Le musée Guimet, de la terrasse au rez-de-jardin

Déjà plein d’attraits, le musée Guimet a décidé, durant l’été, d’ouvrir sa terrasse au public. Elle offre un joli point de vue sur Paris et permet d’ôter le masque afin de prendre l’air sans ce filtre qui nous embue les lunettes. Elle permet aussi de retrouver la lumière après avoir découvert dans la pénombre préméditée du rez-de-jardin, 70 estampes sorties des réserves, dont nombre du Mont Fuji sous la neige. Rares sont les artistes comme le Finlandais Albert Edelfelt (1854-1905) qui ont su figurer la neige. Les techniques particulières de l’estampe japonaise de la période Edo jusqu’à l’époque contemporaine du shin-hanga (mouvement artistique japonais du 20e siècle au Japon, périodes Taisho et Shōwa) ont favorisé, en jouant notamment avec les contrastes, l’expression de ce blanc particulier et de ses nuances poudreuses ou glacées.

Nous n’avons pas en France, l’équivalent du Fujisan, improprement dénommé Fujiyama. Pas plus le Mont-Blanc que le Mont-Valérien en passant par le Mont-Ventoux et y compris la Montagne Sainte-Victoire, n’ont autant inspiré les artistes que ce volcan japonais toisant les vanités humaines à près de 3800 mètres. Le Fuji est un mont sacré, entité divinisée du shintoïsme. Pratiquer son ascension procède à la fois du tourisme et de l’ascèse. Ne serait-ce que croiser sa vue est en soi une expérience que moult smartphones ont dû immortaliser en d’innombrables quantités. À noter que les femmes ne se vont vu accorder le droit d’y grimper qu’en 1868.

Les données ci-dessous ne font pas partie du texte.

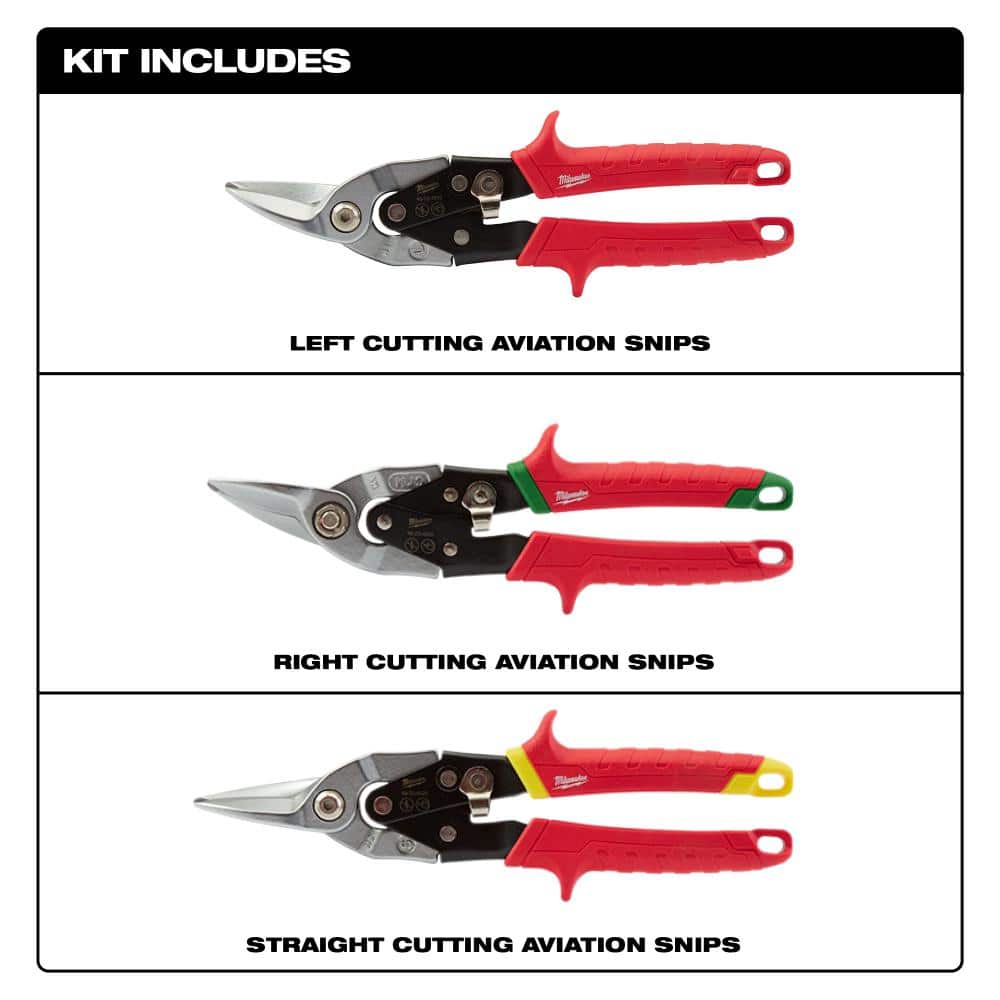 15 in. Ultimate Jobsite Backpack W/ Left, Right, and Straight Aviation Snips (3-Pack) - Hercitys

À vrai dire dans cette présentation intitulée « Fuji pays de neige » et qui va durer jusqu’au 12 octobre, le Fuji n’est pas omniprésent et cela n’a guère d’importance. Parce qu’il est toujours réjouissant d’observer cet art si particulier de la polychromie et de la mise en scène propre à l’estampe japonaise. Ainsi il nous est donné de voir -et d’admirer- « Kiba à Fikugawa » dans la série des cent vues de la province de Musashi. Cette œuvre (ci-contre) a été réalisée en 1884 par Kobayashi Kiyoshika (1847-1915). Sa façon singulière de placer sur la gauche une demi-silhouette avec une immense ombrelle n’est pas sans rappeler les beaux jours des posters américains dans les années soixante et même certaines conceptions publicitaires. Les beiges et les bleus ici réunis attisent le regard nonobstant la taille modeste de l’estampe.

Ce serait une erreur par ailleurs de ne pas signaler « Le quartier des charpentiers à Fukagawa » (série des cent vues des lieux célèbres d’Edo) réalisée en 1856 par le célèbre Utagawa Hiroshige (1797-1858). Tout l’équilibre de son estampe, tout son esprit et pour ainsi dire son équilibre repose sur une rivière au bleu acide qui serpente au milieu de l’image. Extraordinaire saignée qui donne une cohérence frappante avec les alentours recouverts de neige. Ce serait dans le même ordre d’idées, pratiquement une gaffe d’omettre  « Le soir de neige à Terajima », exécutée en 1920 par Kawase Hasui (1883-1957), artiste pour lequel la commissaire de l’exposition Sophie Makariou confesse un penchant aussi net que justifié. Cette vision nocturne, moderne et urbaine du Japon, est tout à fait remarquable. Tout y précieux, des fils électriques à l’unique personnage qui chemine avec son ombrelle protectrice. Blancs, bleus, jaunes, teintes subaquatiques, tout concourt ici à faire d’une vue banale un paysage de songe. Kawase Hasui  nous est présenté comme étant comme le plus grand artiste du shin-hanga, ce que l’on veut bien croire sur parole. D’une certaine façon Hayao Miyazaki, maître du dessin animé japonais, a pris chez les anciens de l’estampe ce dont il avait besoin pour exprimer à l’écran son propre génie.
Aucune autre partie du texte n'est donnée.